Chapter 2. Introducing XAML: A Declarative Way to Create Windows UIs

Before the appearance of .NET 3.0, web applications were written with "markup languages" such as HTML and Windows applications were not. We may have dragged controls onto forms, but the creation of the controls and their properties was managed by the development environment, or you instantiated them programmatically at runtime.

.NET 3.0 changed all that with the introduction of the eXtensible Application Markup Language, or XAML (pronounced "zamel," to rhyme with "camel"). There are two key things to know about XAML:

  1. It is a markup language for creating Windows applications, just as HTML is a markup language for creating web applications.

  2. Almost every XAML object has a corresponding Common Language Runtime (CLR) object; most of what you can create declaratively in XAML you can also create programmatically in C#, and vice versa.
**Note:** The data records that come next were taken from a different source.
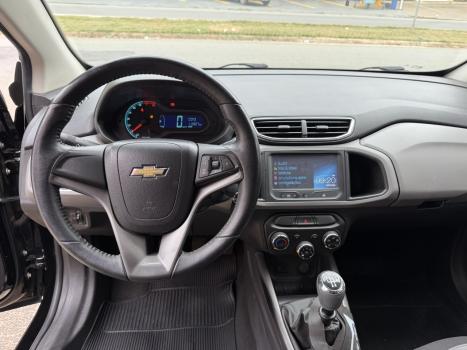 CHEVROLET Onix Hatch 1.0 4P FLEX SELEO, Foto 9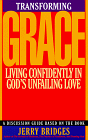 Imagen de archivo de Transforming Grace: Discussion Guide a la venta por SecondSale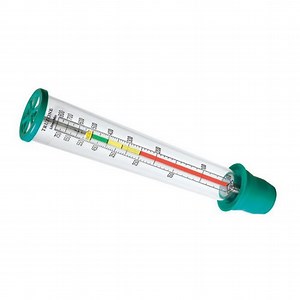 Truzone - Peak Flow Meter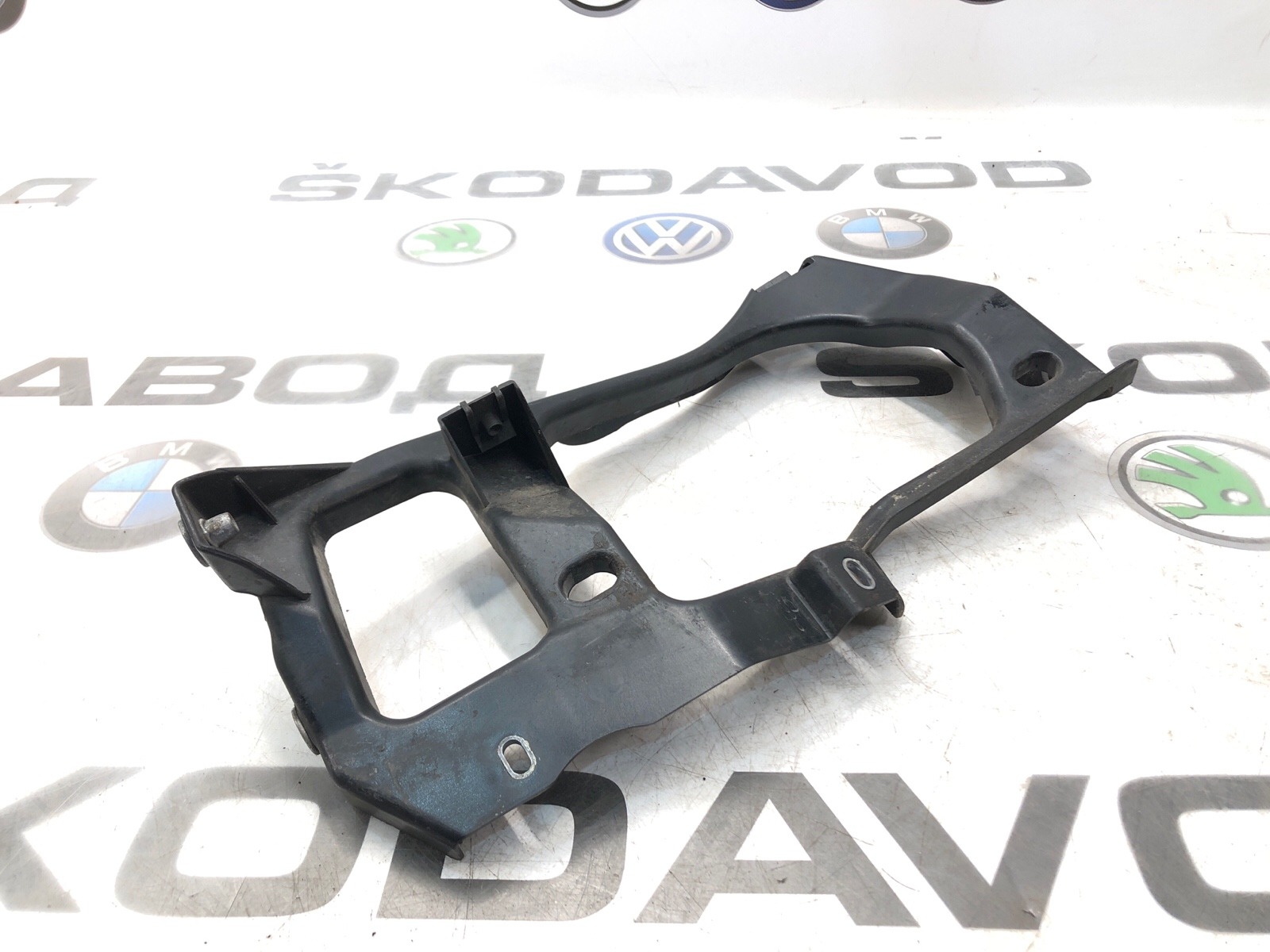 Кронштейн фары, 4000 рублей, Москва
The goal of this chapter is to provide an overview of XAML and how it is used in creating user experiences. By the end of this chapter you should have an appreciation of XAML as a declarative language, an understanding of the basic elements and attributes that you are likely to encounter when writing a .NET 3.5 application, and a fundamental appreciation for hand-crafting meaningful XAML applications. We will not cover every element in the XAML vocabulary, but we will cover the entire landscape of XAML, demonstrating all of its significant capabilities.